Your objective
Please copy all of the data that follows exactly, leaving any pictures out.

Given information
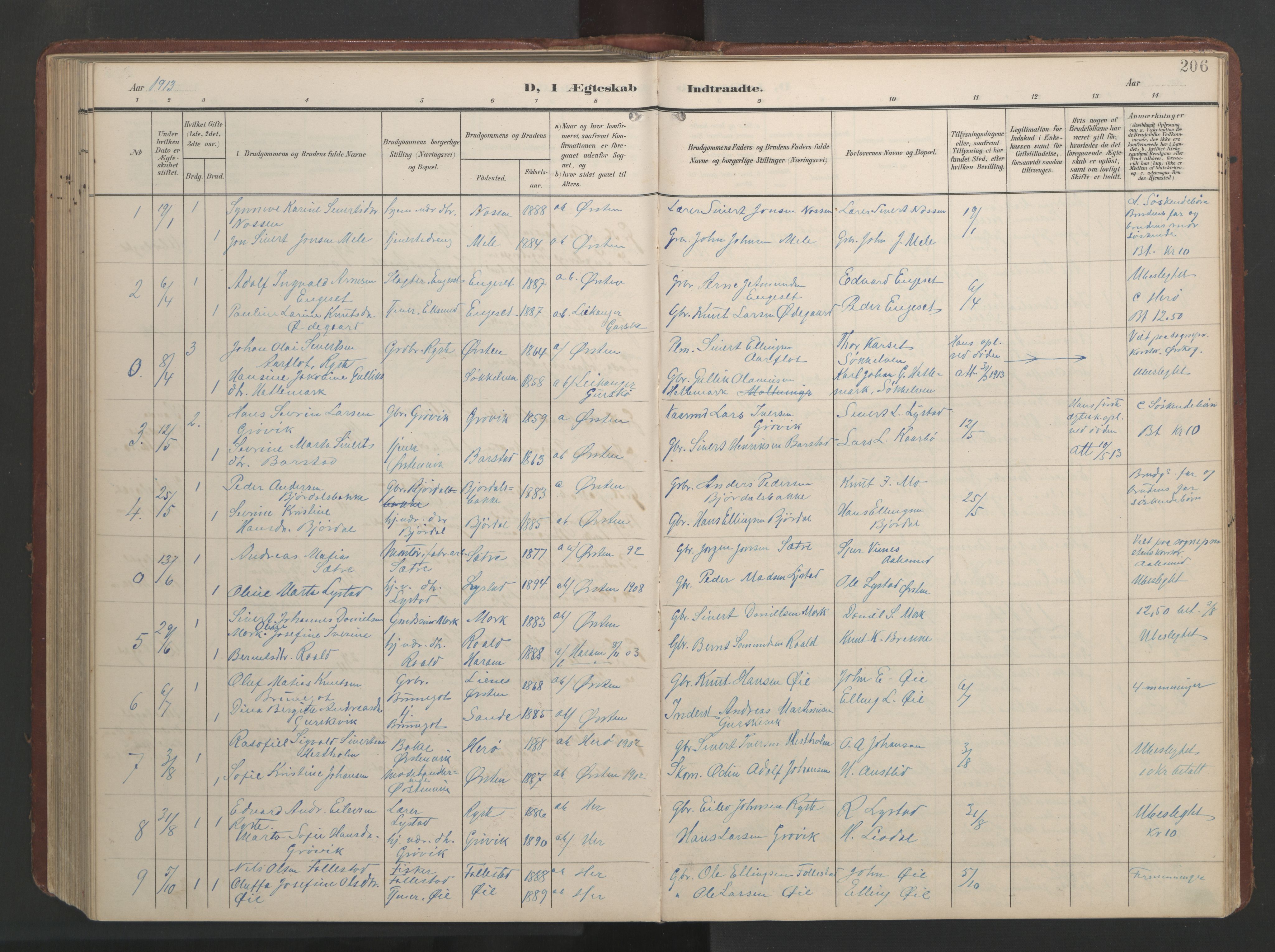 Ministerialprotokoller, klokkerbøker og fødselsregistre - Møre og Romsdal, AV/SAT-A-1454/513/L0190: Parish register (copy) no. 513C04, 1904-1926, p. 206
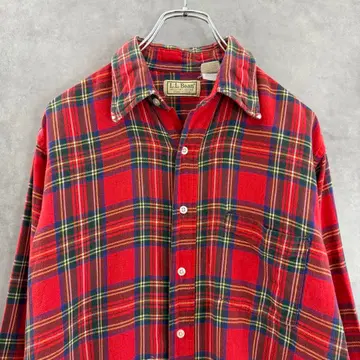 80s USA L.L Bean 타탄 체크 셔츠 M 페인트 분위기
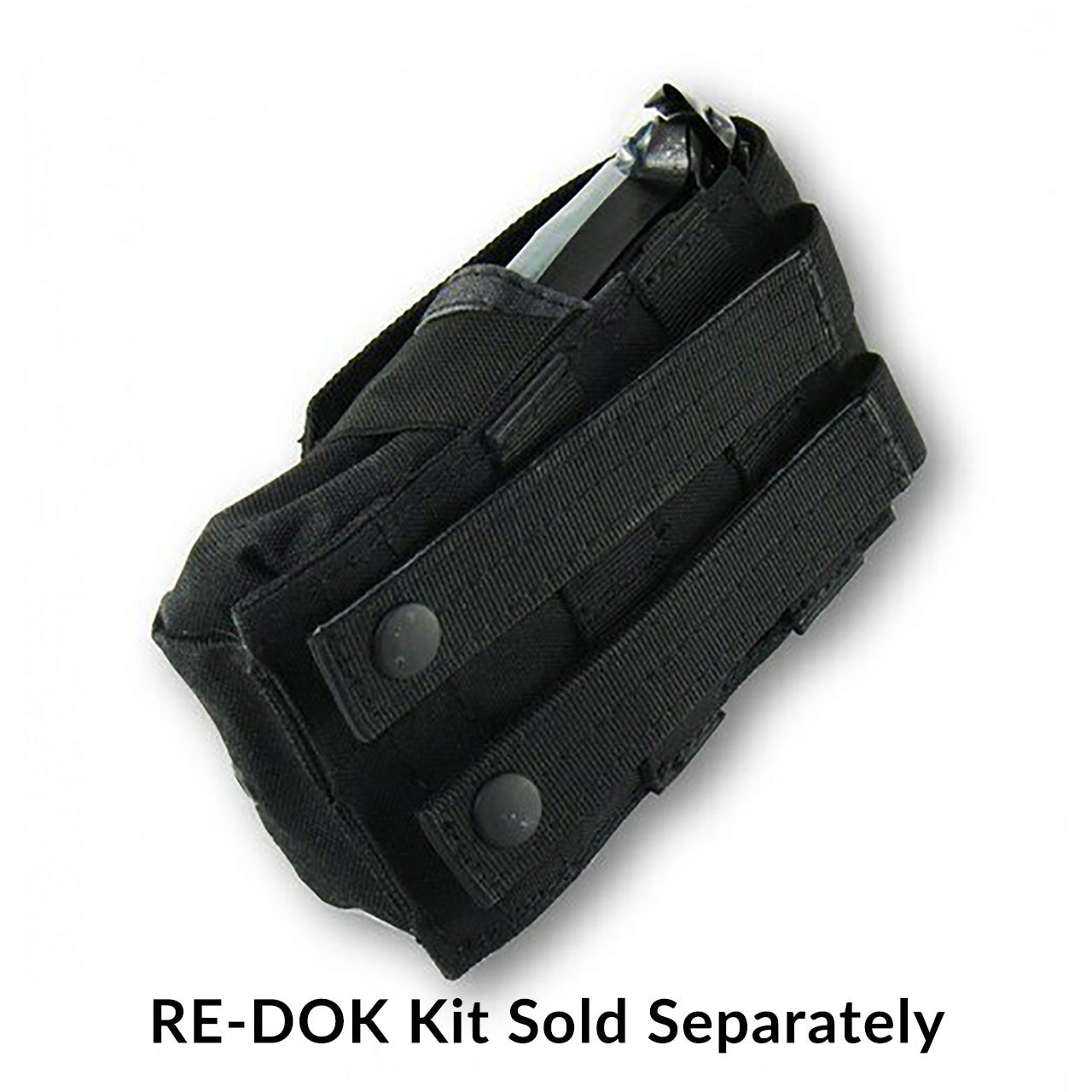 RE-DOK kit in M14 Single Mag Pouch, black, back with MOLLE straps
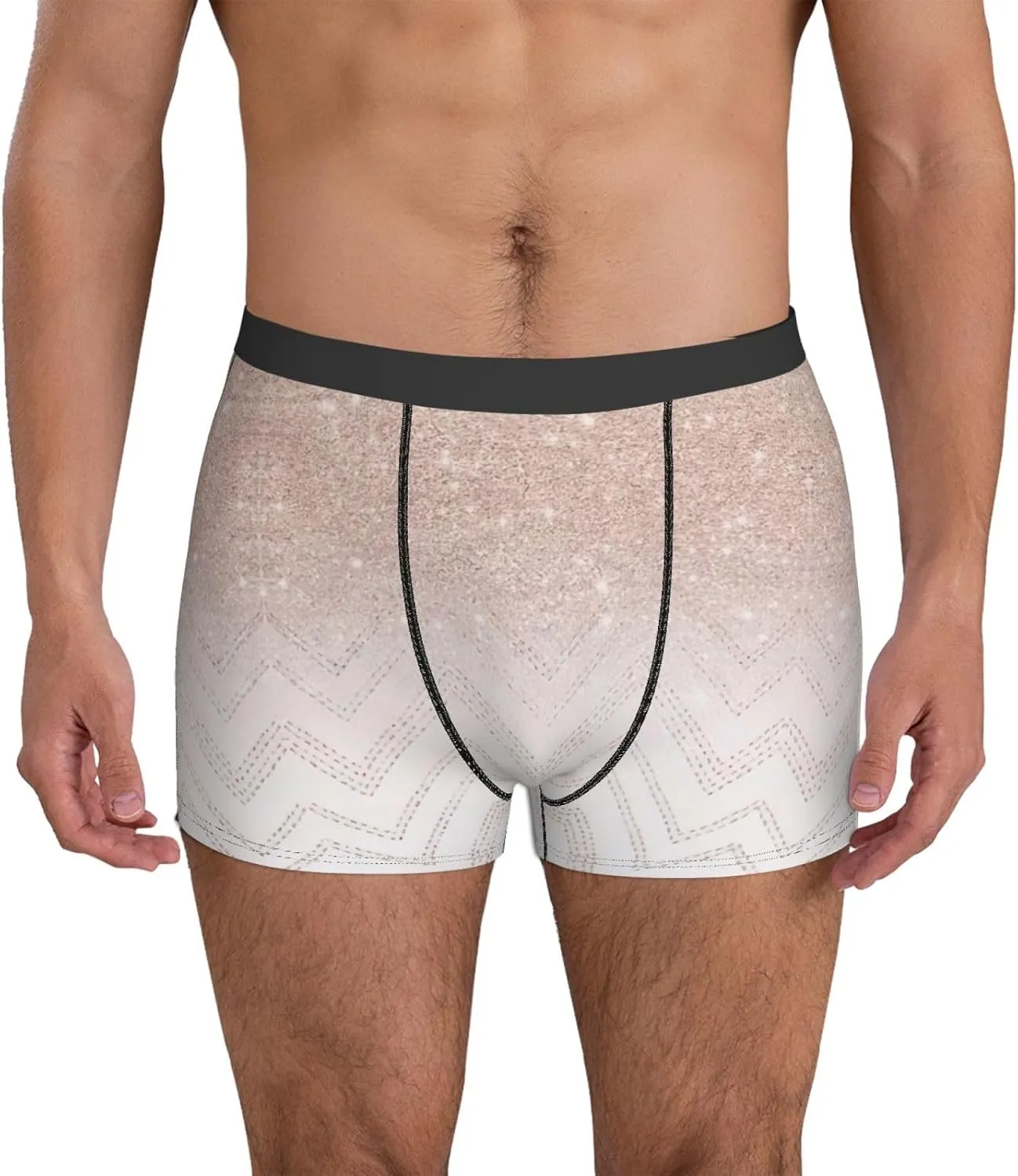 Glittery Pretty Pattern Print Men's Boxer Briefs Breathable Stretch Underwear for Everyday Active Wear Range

Reply
 Ministerialprotokoller, klokkerbøker og fødselsregistre - Møre og Romsdal, AV/SAT-A-1454/513/L0190: Parish register (copy) no. 513C04, 1904-1926, p. 206
 80s USA L.L Bean 타탄 체크 셔츠 M 페인트 분위기
 RE-DOK kit in M14 Single Mag Pouch, black, back with MOLLE straps
 Glittery Pretty Pattern Print Men's Boxer Briefs Breathable Stretch Underwear for Everyday Active Wear Range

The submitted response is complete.